On Monday I found myself agreeing with Labour’s Chris Bryant. I am almost nauseous in writing this but as I tweeted at the time Mr Bryant spoke a lot of sense. He was pointing out how big firms like Tesco and Next deliberately set out to recruit foreign workers over UK nationals. For all their weasel words about Corporate Social Responsibility, large companies couldn’t give two hoots about ensuring local people benefit from having the likes of Tesco, Next and any other business trading in their village, town or city. Their only concern is maximising profits and if that means busing in Poles in their early twenties with no family ties or dependencies to pack containers in a distribution warehouse for a much lower cost than a person with a family to support then so be it. What do the senior managers care? They are doing very nicely back at the mansion in Hertfordshire with their cheap immigrant nanny and gardener.
But the issue of immigrants undercutting the unskilled and semi-skilled indigenous workforce is not a simple one.

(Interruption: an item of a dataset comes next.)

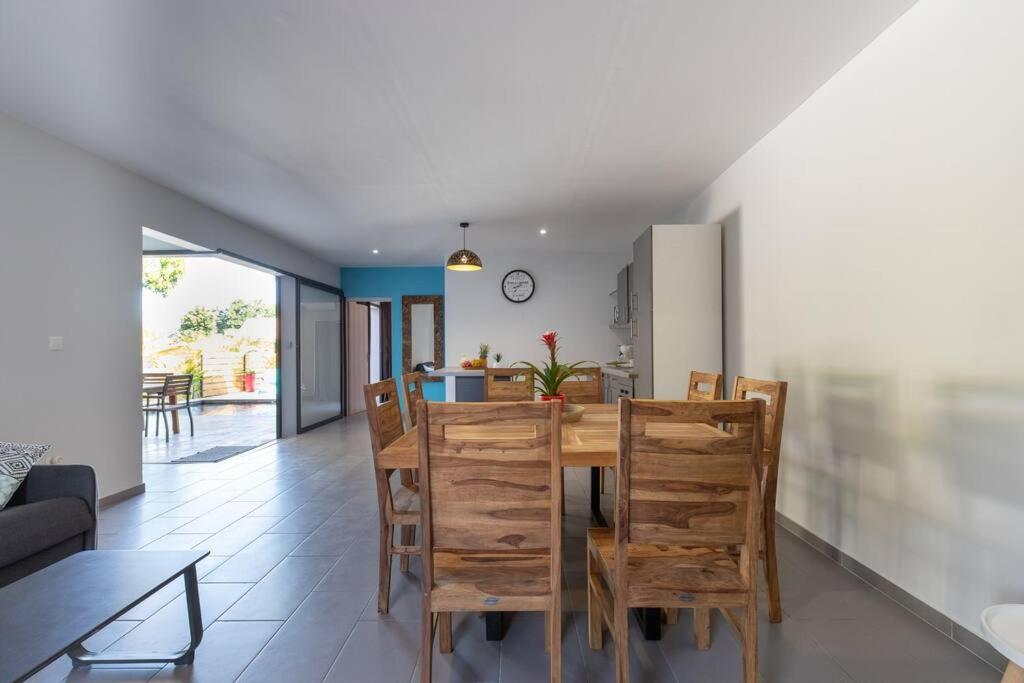 Villa Benjoin St-Pierre Piscine Chauffee Et Mer Saint Pierre Εξωτερικό φωτογραφία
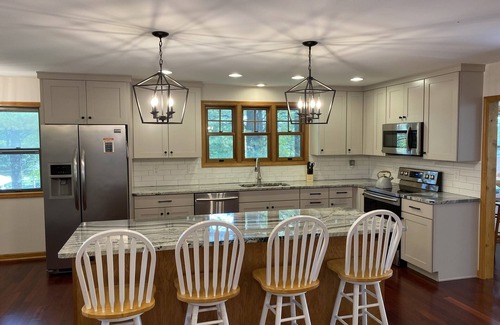 Rhinelander Casa | 3000 sq ft Lakehouse on Clear, Full Rec Hildebrand Lake in Rhinelander!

Later on Monday Channel 4 broadcast a documentary entitled ‘Benefits Britain 1949‘ which took three benefits claimants from 2013 back in time to the rules of the welfare state in 1949. The documentary demonstrated once again how ridiculously generous the welfare system in Britain has become. William Beveridge, the economist who designed the welfare state and was later implemented by the newly elected Labour government in 1945, did so for one main purpose: to stop people starving. If you fell out of work, Beveridge, rightly, stated people in a civilised country should not starve to death as a result. That is all it was meant to do.

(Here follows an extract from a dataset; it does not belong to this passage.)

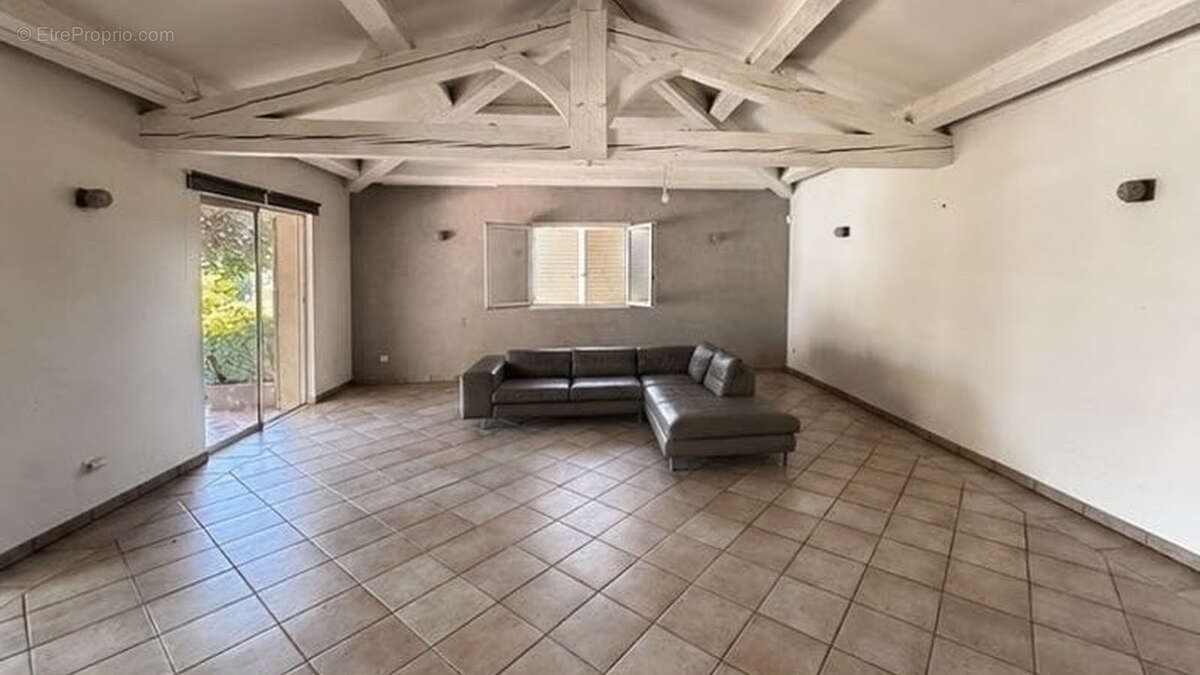Maison à LE CASTELLET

But in 2013, millions of people receive handouts and in some families, three generations have NEVER worked. They have everything paid for by the State (i.e. the taxpayer) and we are not just talking about food and heating. Flat screen TVs, Xbox, Sky TV, cigarettes, alcohol, cars. The list goes on. We learnt from Channel 4’s documentary half the population of Nottingham are on benefits. Beveridge will be spinning in his grave.
On Channel 4’s Benefits Britain 1949 there was a woman called Karen who hadn’t worked for years and certainly didn’t look like she went without food. She pulled up at the Labour and Welfare Office (as the Job Centre was called back in 1949) in a shiny new car, paid for by the taxpayer through her Mobility handout. Karen then met the welfare officers who interviewed her for eligibility for out-of-work payment. Karen was keen to point out every part of her body had an ailment and so she was judged eligible for some form of handout from the 1949 UK state. But it was nowhere near as generous as she gets today in 2013. Karen’s 1940s weekly handout was deemed to be £38.48 (adjusted for today’s prices) — compared to the £155.34 she currently receives. The car she has courtesy of her Mobility allowance was also taken away. Karen’s immediate response was to hurl expletives saying: “I’ve done my f***ing share for Britain, I’m doing no more. They can f*** off.”
Later Karen has a medical assessment using 1949 criteria for determining her fitness to work. Karen is asked to lift a bag of potatoes which she fails to even lift off the floor so the doctor places just one potato on the desk in front of her and asks Karen to pick it up. She pauses and then reluctantly decides to pick it up but immediately complains of pain in her arm. The doctor then asks her to cut out the shape of a star from a piece of paper which Karen bounds up to do, until the doctor explains it will help assess if she is capable of tailoring work. Karen suddenly has a pain in her thumb.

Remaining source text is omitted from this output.